Give back exactly the lines of the entries below from the line with "Crackers with ham and avocado." to the line with "moeder en zoon", inclusive, and only those.

* _DATA TO USE_
# # #

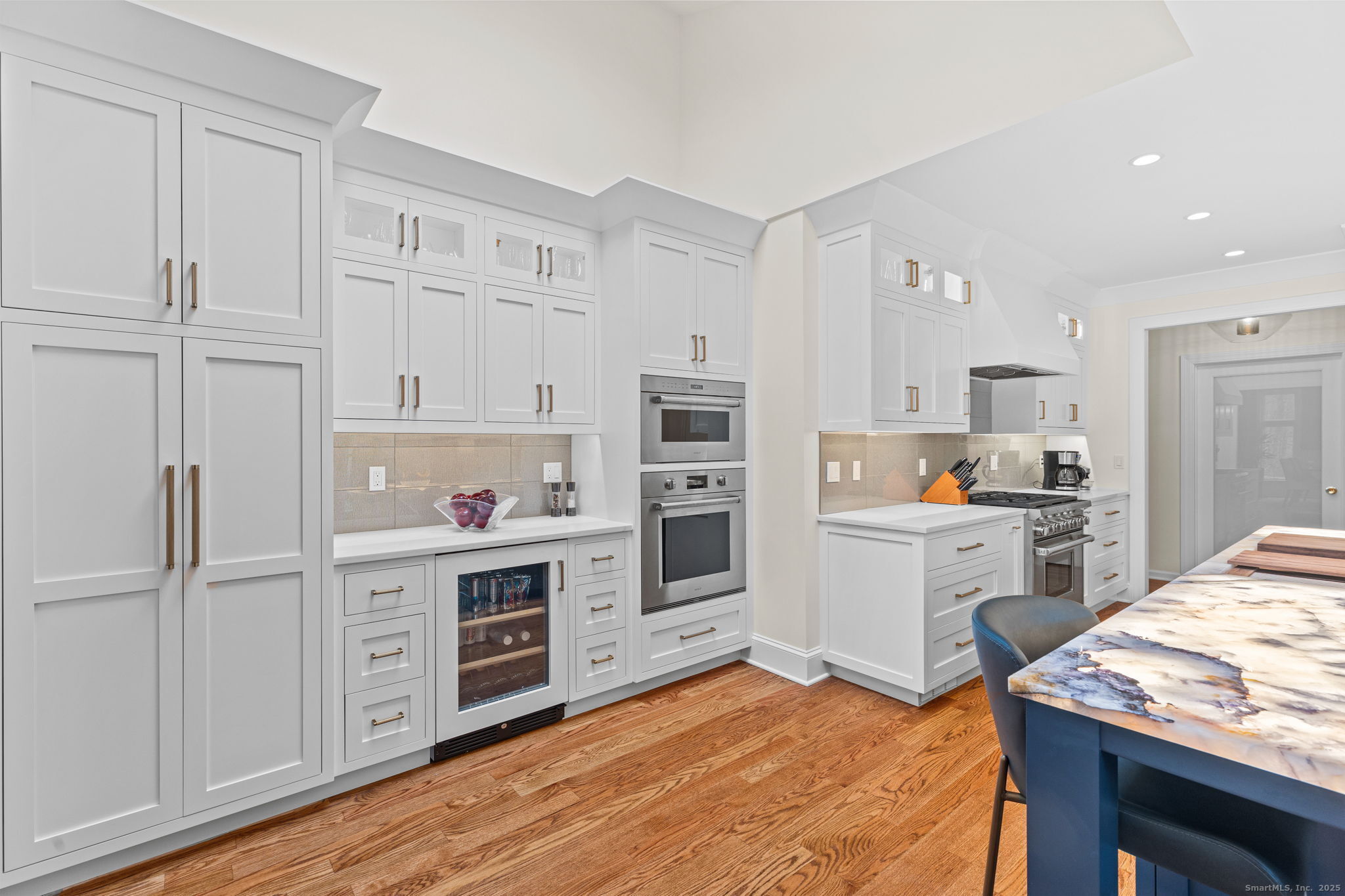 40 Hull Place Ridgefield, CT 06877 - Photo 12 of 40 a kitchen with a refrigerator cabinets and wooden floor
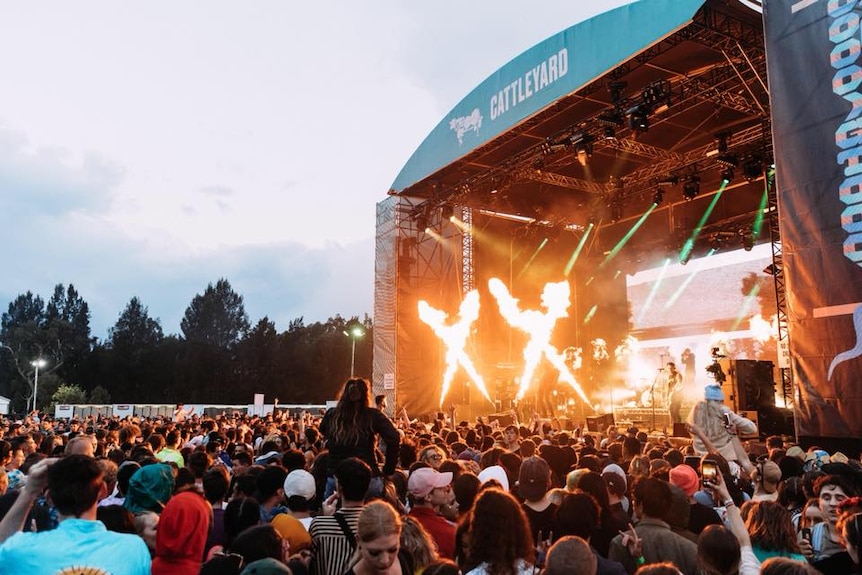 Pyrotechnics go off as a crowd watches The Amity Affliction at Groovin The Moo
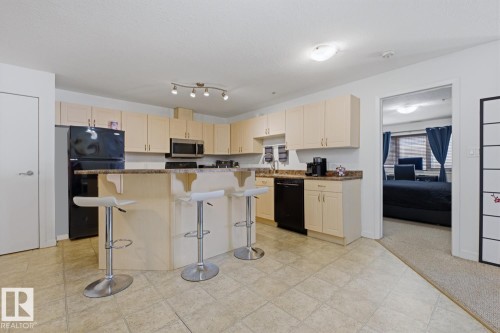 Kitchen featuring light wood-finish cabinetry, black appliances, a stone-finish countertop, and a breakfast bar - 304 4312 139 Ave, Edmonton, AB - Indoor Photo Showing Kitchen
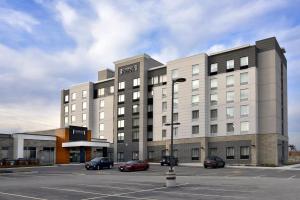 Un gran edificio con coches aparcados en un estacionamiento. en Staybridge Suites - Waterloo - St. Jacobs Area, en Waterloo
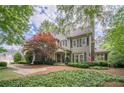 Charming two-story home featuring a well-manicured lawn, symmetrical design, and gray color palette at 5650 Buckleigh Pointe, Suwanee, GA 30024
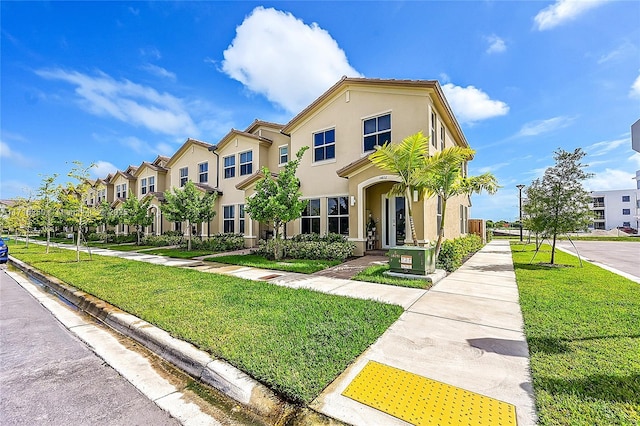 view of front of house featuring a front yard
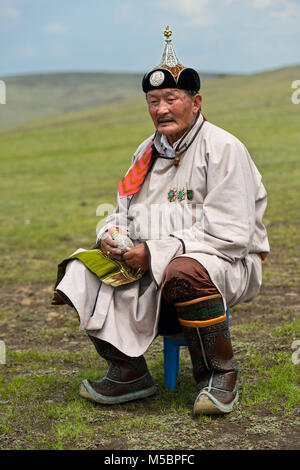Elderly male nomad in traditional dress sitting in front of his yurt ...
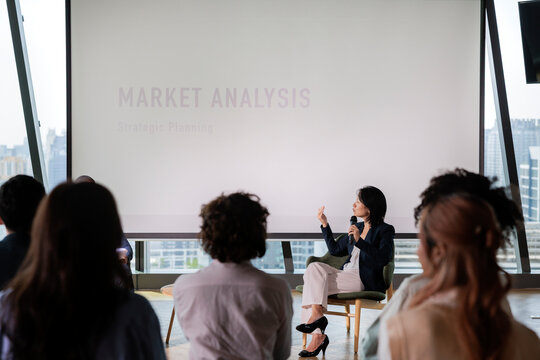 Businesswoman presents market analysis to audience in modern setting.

# # #

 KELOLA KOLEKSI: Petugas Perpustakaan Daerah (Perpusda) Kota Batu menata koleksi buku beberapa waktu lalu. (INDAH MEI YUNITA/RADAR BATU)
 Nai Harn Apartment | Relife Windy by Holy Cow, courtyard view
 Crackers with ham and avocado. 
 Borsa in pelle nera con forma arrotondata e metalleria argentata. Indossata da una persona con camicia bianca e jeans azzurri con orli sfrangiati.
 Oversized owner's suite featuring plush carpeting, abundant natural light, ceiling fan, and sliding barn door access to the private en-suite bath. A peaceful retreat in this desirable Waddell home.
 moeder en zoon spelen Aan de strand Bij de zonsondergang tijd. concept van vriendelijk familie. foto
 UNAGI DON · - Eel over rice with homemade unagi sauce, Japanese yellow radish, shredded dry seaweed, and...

# # #

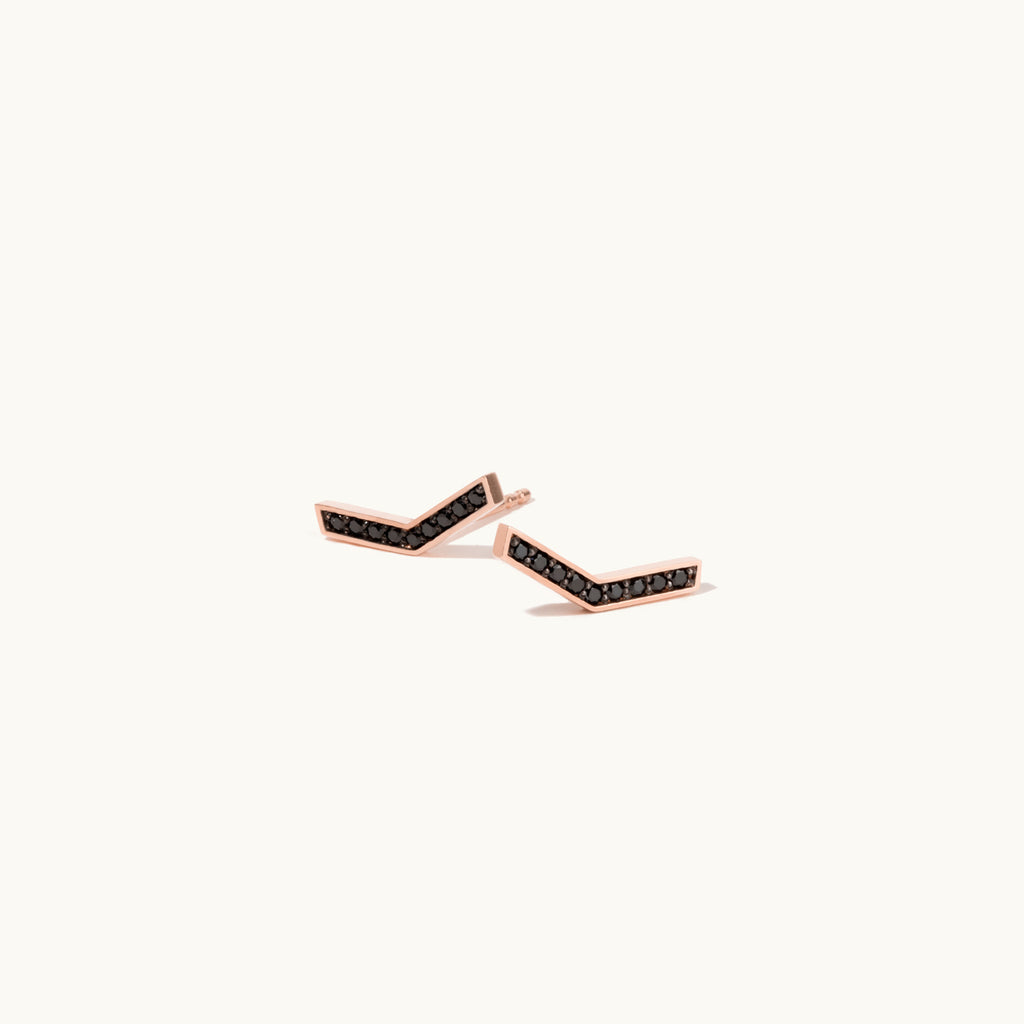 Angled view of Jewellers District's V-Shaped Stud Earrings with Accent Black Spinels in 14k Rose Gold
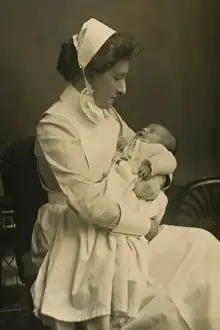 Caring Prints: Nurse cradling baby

# # #

* _WRITTEN ANSWER_
 Crackers with ham and avocado. 
 Borsa in pelle nera con forma arrotondata e metalleria argentata. Indossata da una persona con camicia bianca e jeans azzurri con orli sfrangiati.
 Oversized owner's suite featuring plush carpeting, abundant natural light, ceiling fan, and sliding barn door access to the private en-suite bath. A peaceful retreat in this desirable Waddell home.
 moeder en zoon spelen Aan de strand Bij de zonsondergang tijd. concept van vriendelijk familie. foto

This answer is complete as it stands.